__THE DATA__
____

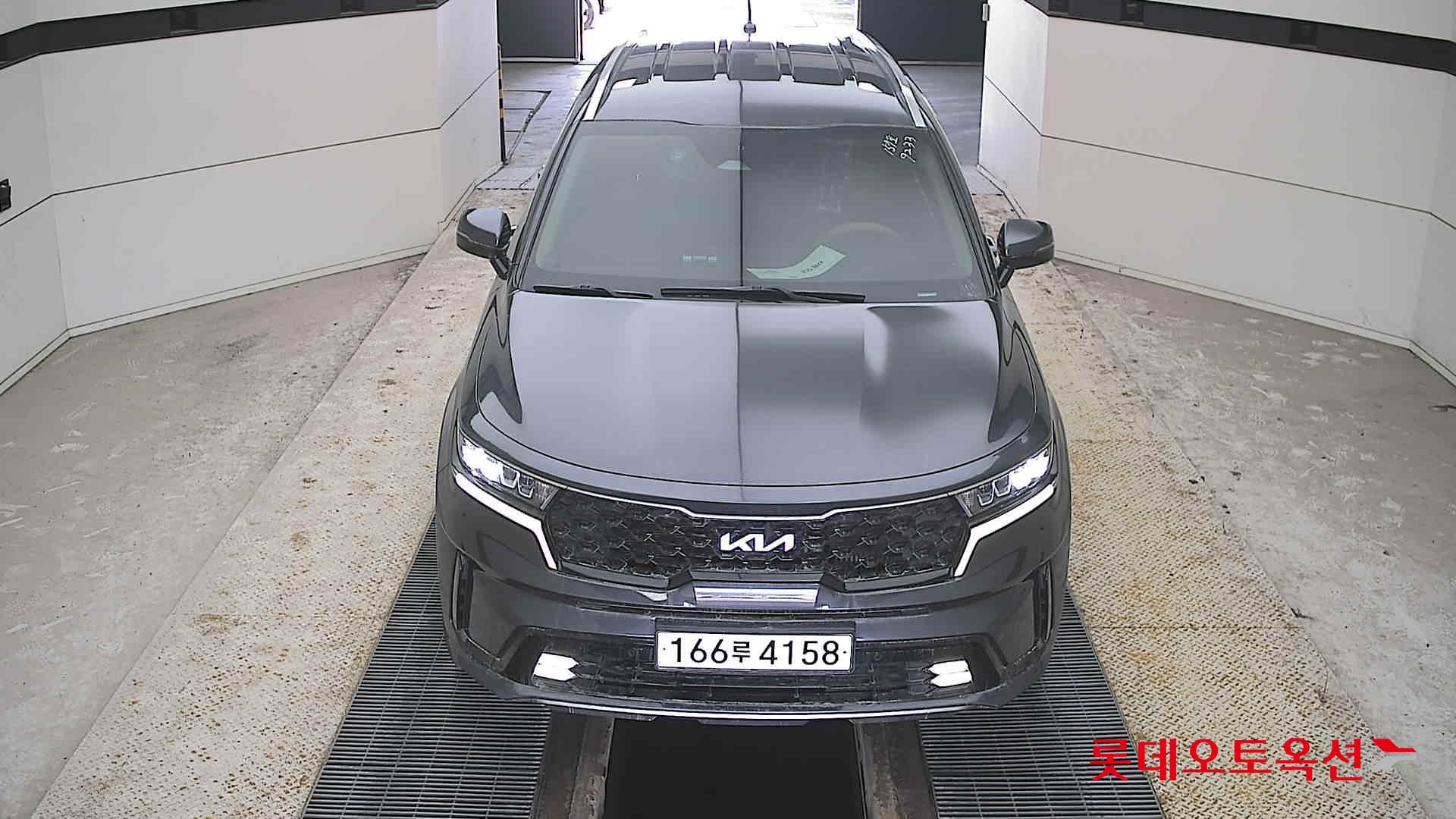 Kia Sorento id 3816449 из Кореи 8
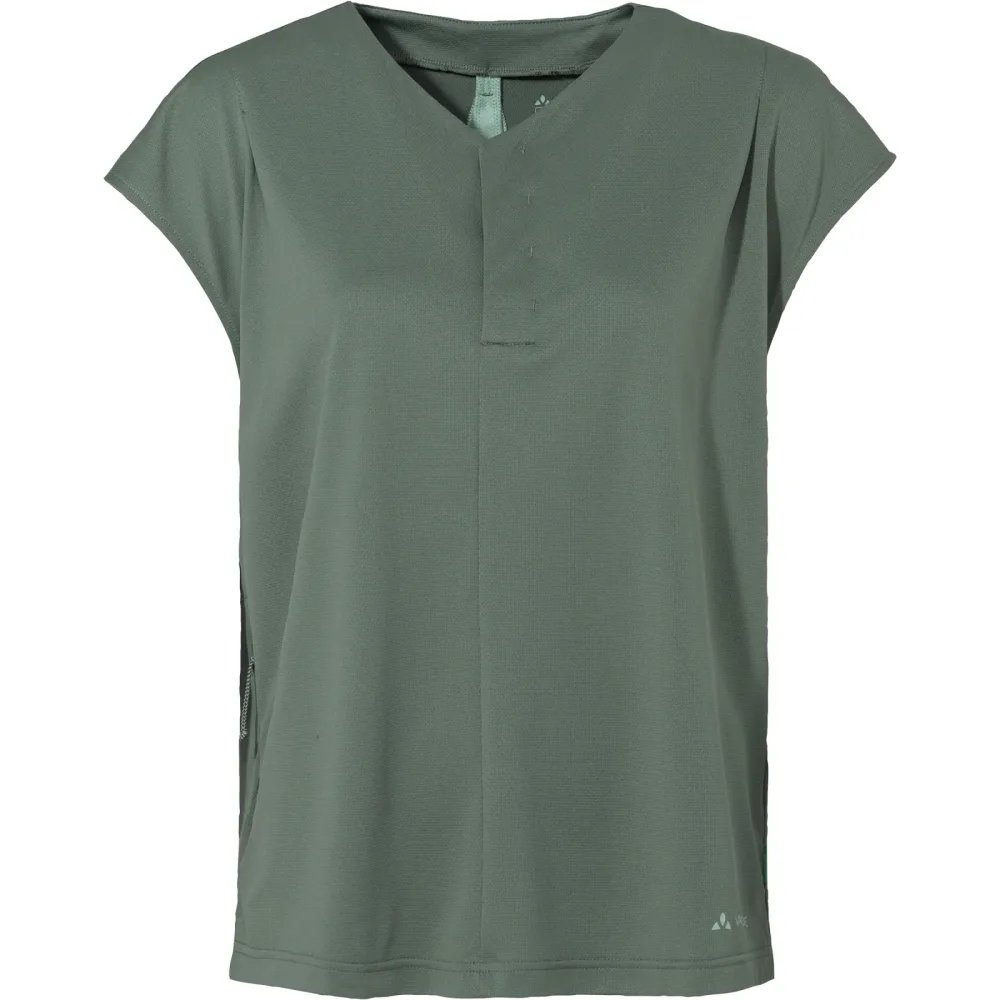 Vaude Damen Adlux Bluse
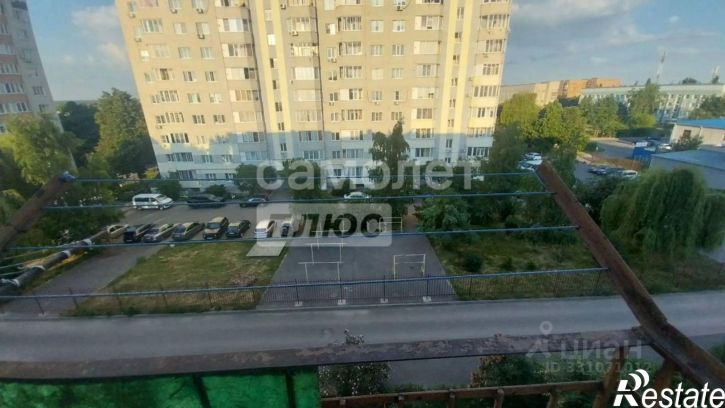 2-комн квартира ул Союзная, 26А,  д. 26А
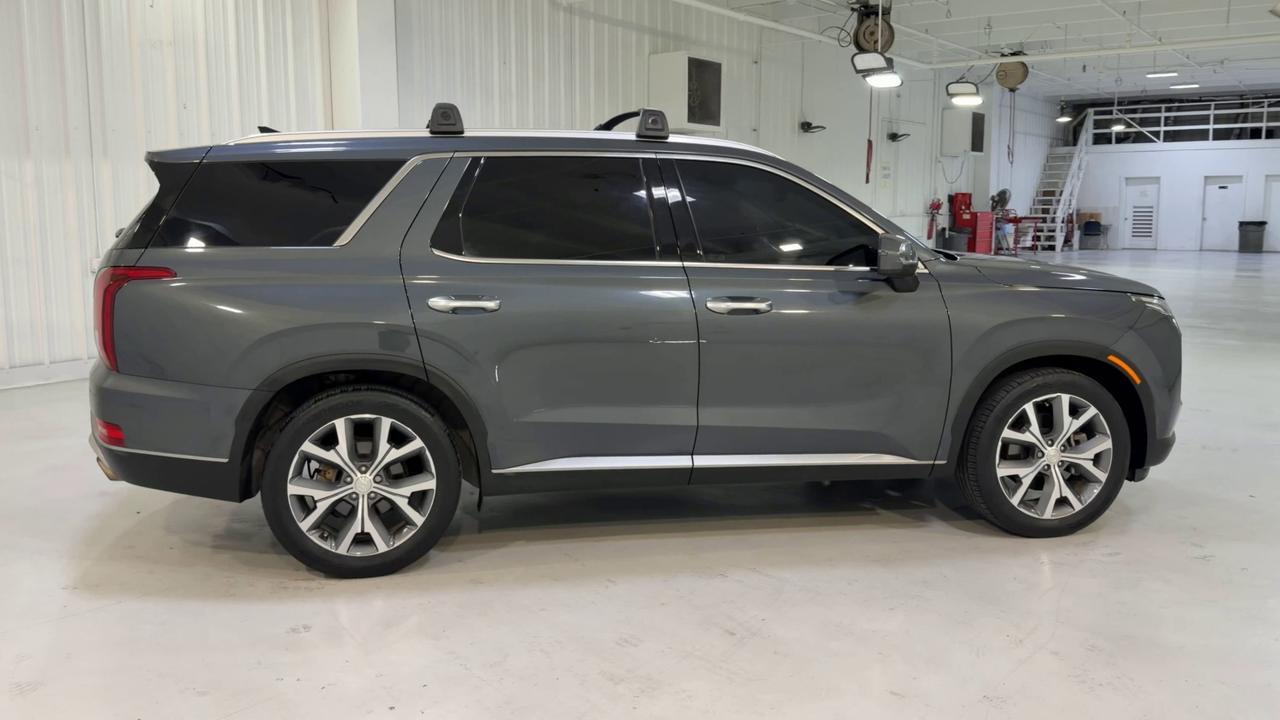 2022 Hyundai Palisade SEL San Antonio TX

____

__REQUIREMENT__
Leave out the pictures, and write out all the remaining data above exactly.

__OUTPUT FOR THIS TASK__
 Kia Sorento id 3816449 из Кореи 8
 Vaude Damen Adlux Bluse
 2-комн квартира ул Союзная, 26А,  д. 26А
 2022 Hyundai Palisade SEL San Antonio TX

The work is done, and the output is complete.